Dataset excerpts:
******

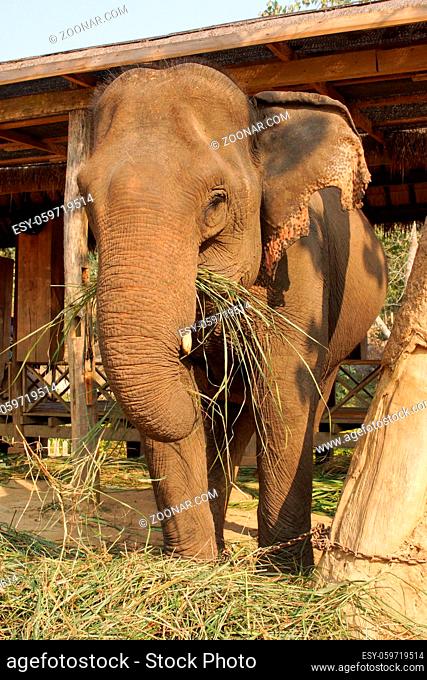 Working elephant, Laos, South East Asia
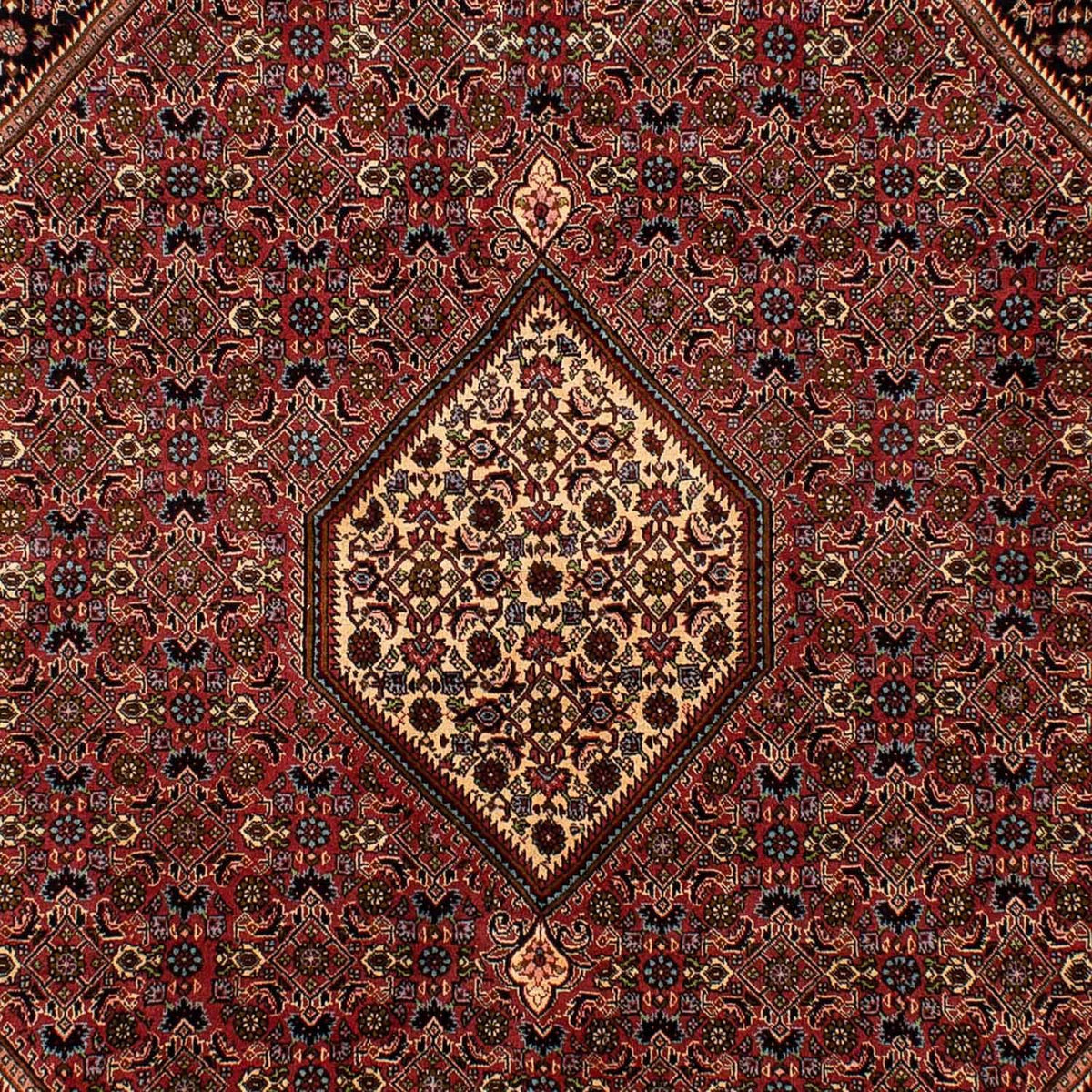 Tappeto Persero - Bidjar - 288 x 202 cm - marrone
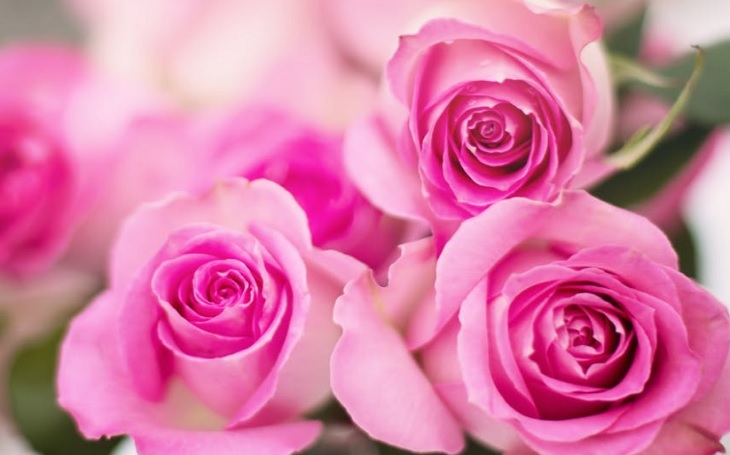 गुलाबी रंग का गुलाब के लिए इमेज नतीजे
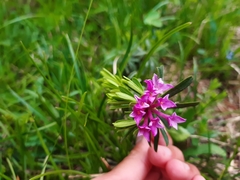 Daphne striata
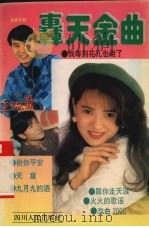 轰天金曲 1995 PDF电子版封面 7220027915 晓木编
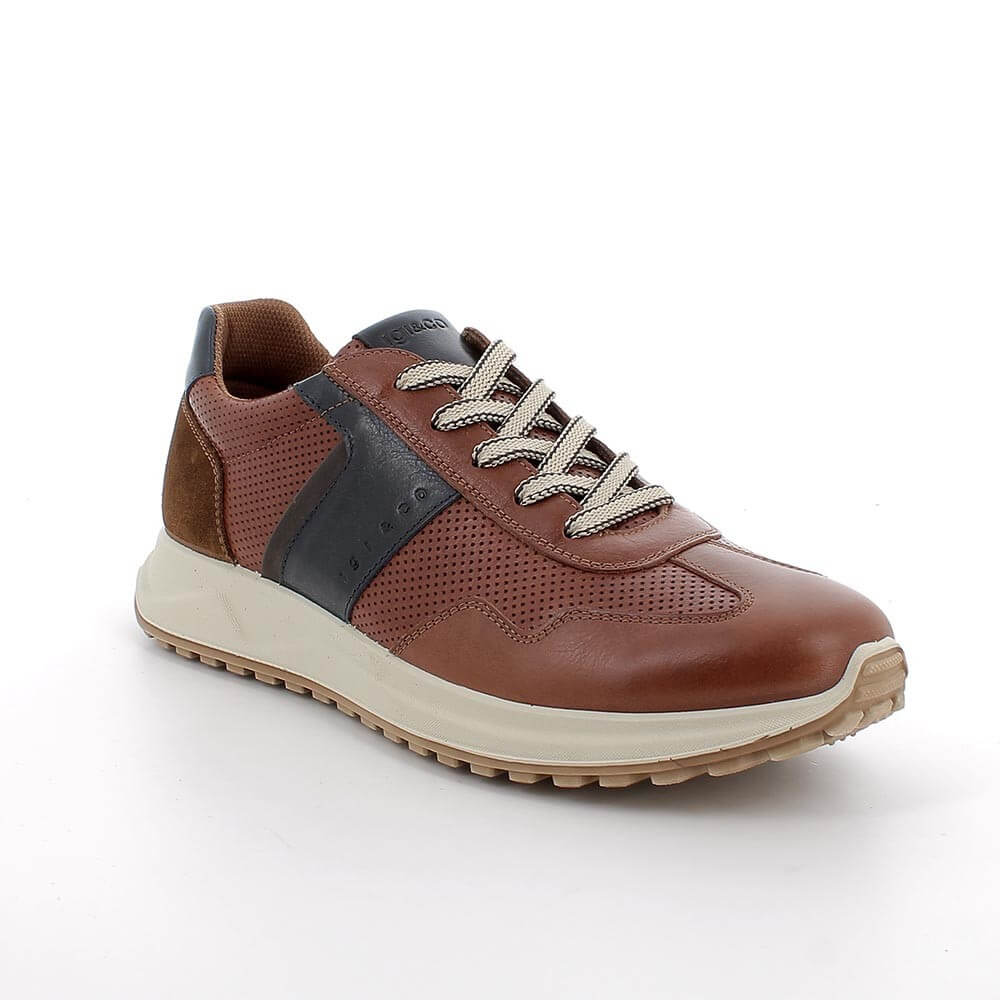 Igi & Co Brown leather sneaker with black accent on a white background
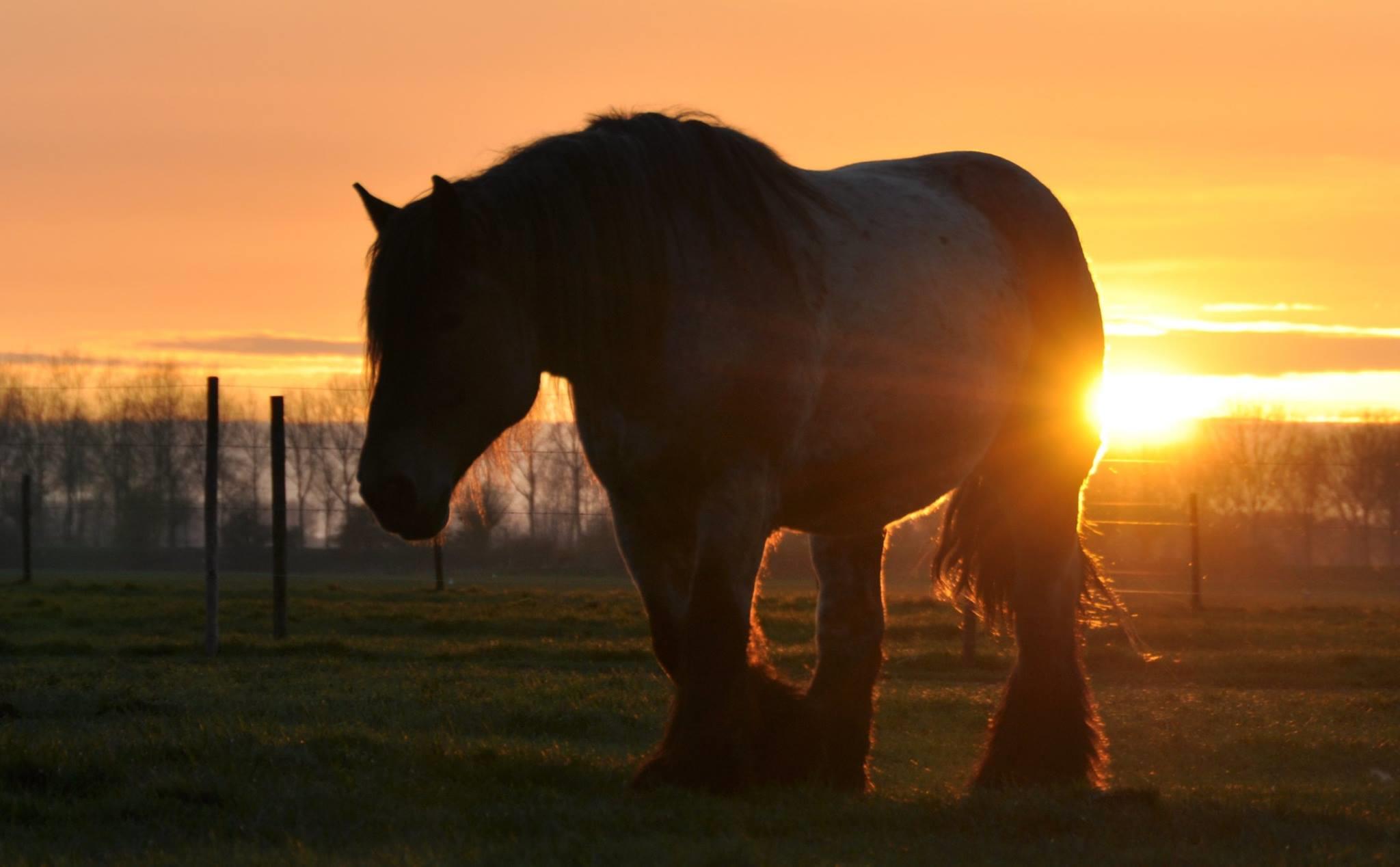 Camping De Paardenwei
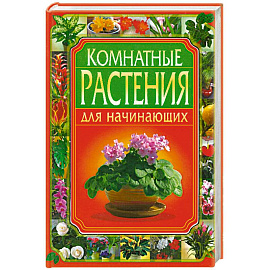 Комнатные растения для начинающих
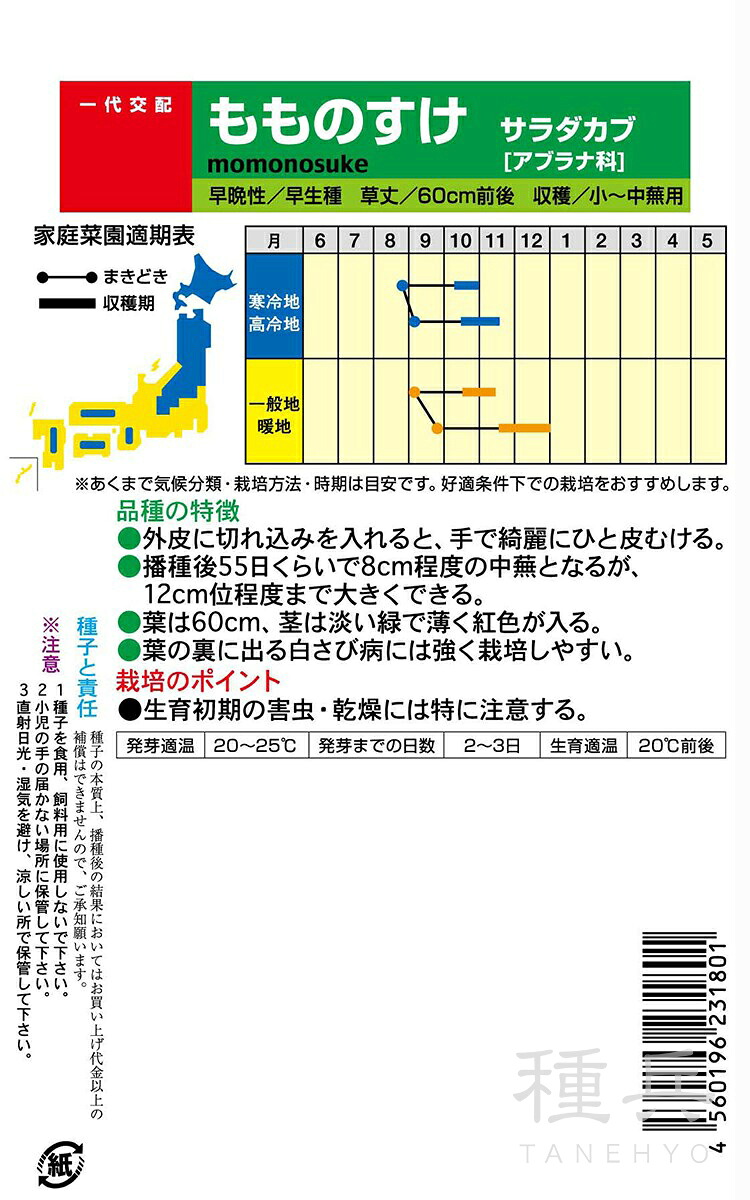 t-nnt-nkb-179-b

******

What is being asked:
Any picture among the entries must be skipped; copy all else exactly.

Answer:
 Working elephant, Laos, South East Asia
 Tappeto Persero - Bidjar - 288 x 202 cm - marrone
 गुलाबी रंग का गुलाब के लिए इमेज नतीजे
 Daphne striata
 轰天金曲 1995 PDF电子版封面 7220027915 晓木编
 Igi & Co Brown leather sneaker with black accent on a white background
 Camping De Paardenwei
 Комнатные растения для начинающих
 t-nnt-nkb-179-b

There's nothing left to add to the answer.